The Day The Music Died


I was nine years old when Top Gun came out, the Navy’s two hour recruiting commercial. It wasn’t until the summer of ’89 that I seen the movie for the first time.
While all the girls at the time were drooling and falling in love with Tom I was falling in love a different Tom, the Grumman F-14 Tomcat. I watched the movie over and over, fast forwarding to the scenes that had a jet in it. It wasn’t long till I had the dogfights memorized.
Still playing with metal toys I bought a set of Navy fighter jets. After school and Saturday morning cartoons I would fly my jets around and around, going supersonic and breaking the sound barrier, turning on my afterburners so I can save the day.

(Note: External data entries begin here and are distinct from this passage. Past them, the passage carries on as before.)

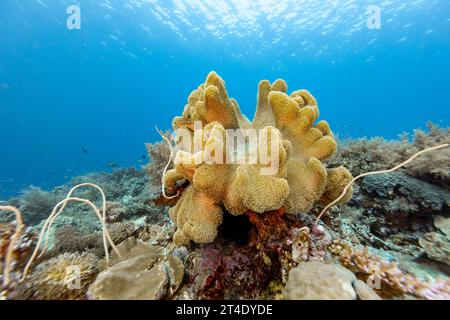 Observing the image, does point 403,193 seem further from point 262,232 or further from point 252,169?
point 252,169

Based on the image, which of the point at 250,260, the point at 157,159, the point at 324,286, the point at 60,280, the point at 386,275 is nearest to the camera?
the point at 324,286

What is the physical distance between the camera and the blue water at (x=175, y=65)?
29766mm

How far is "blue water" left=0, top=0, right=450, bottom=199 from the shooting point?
2977 centimetres

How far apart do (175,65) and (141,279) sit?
210 feet

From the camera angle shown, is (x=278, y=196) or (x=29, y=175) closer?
(x=278, y=196)

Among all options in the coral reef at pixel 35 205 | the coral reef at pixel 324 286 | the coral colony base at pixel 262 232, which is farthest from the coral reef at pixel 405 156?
the coral reef at pixel 35 205

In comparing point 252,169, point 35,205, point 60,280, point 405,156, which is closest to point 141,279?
point 60,280

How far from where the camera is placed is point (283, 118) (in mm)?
2506

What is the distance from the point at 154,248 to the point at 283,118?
2.31 m

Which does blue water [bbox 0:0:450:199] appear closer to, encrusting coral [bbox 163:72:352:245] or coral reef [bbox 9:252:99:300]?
encrusting coral [bbox 163:72:352:245]

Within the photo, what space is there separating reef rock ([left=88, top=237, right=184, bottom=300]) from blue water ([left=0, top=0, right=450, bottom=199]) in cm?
334

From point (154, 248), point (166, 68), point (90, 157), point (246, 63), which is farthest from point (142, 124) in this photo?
point (154, 248)

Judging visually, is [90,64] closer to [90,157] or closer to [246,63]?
[246,63]

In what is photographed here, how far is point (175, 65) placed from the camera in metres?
58.4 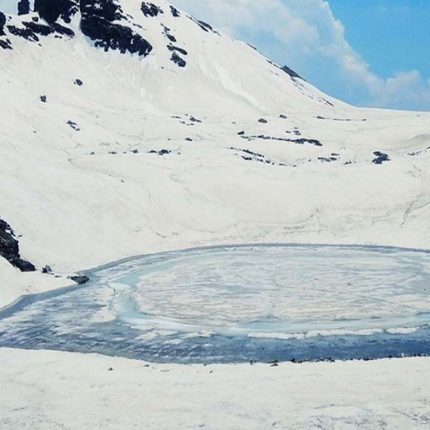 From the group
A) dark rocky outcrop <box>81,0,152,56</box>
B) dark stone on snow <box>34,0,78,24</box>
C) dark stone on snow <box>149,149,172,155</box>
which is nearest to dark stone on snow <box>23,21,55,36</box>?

As soon I was old enough I bought my first model. I was so excited that I could not wait to get home. I tore the box open and started popping out the parts I needed to build my very own F-14 model, with wings that rolled forward and back. I put it together, carefully painted the body and placed the stickers in the proper spots. When I glued the pilot into the front seat I knew that would be me one day.
I was told I was not smart enough, that I would never fly a Tomcat, but I refused to listen. I studied aviation; I played every video game involving flying. I pushed myself; I read and read and read. I knew it was going to be a hard journey but I wanted those Wings of Gold and I wanted them to be for the Tomcat.
One day in flight school I had finished a test early and went out into the hall to wait till class was over. I was looking at two favorite pictures hanging on the wall. One was an F/A-18C Hornet breaking the sound barrier. A circle of white surrounded the aircraft in the middle, showing where the barrier was broken. The other was the Tomcat flying above the surface of the ocean, causing two waves to splash up behind it, trying to catch up.
Imagining that was me, I was dreaming about flying low then pulling up slowly, climbing higher and higher into the sky, feeling freer than anything else alive. I knew that was the goal someday. My main flight instructor walked out of his office and seen me standing in front of the Tomcat.
“Too bad they just canned the Tomcat huh,” he said as he stopped behind me. “They just announced it this morning, no more Tomcats.”
My heart sank, I was crushed. The Navy would no long accept new pilots to fly the Tomcat. The F/A-18 Hornet was now the future of the Navy. Two weeks later a Tomcat landed at the airfield and taxied in as I was walking out to aircraft. I froze. I had never seen a Tomcat up close. The pilot could see the love I had for this aircraft. He allowed me to climb inside and sit in the pilot’s seat. I had touched my dream, however brief it may be.
Slowly over the coming years the Tomcat would be phased out and flew its last flight on September 22, 2006, the day the music died, well for me at least.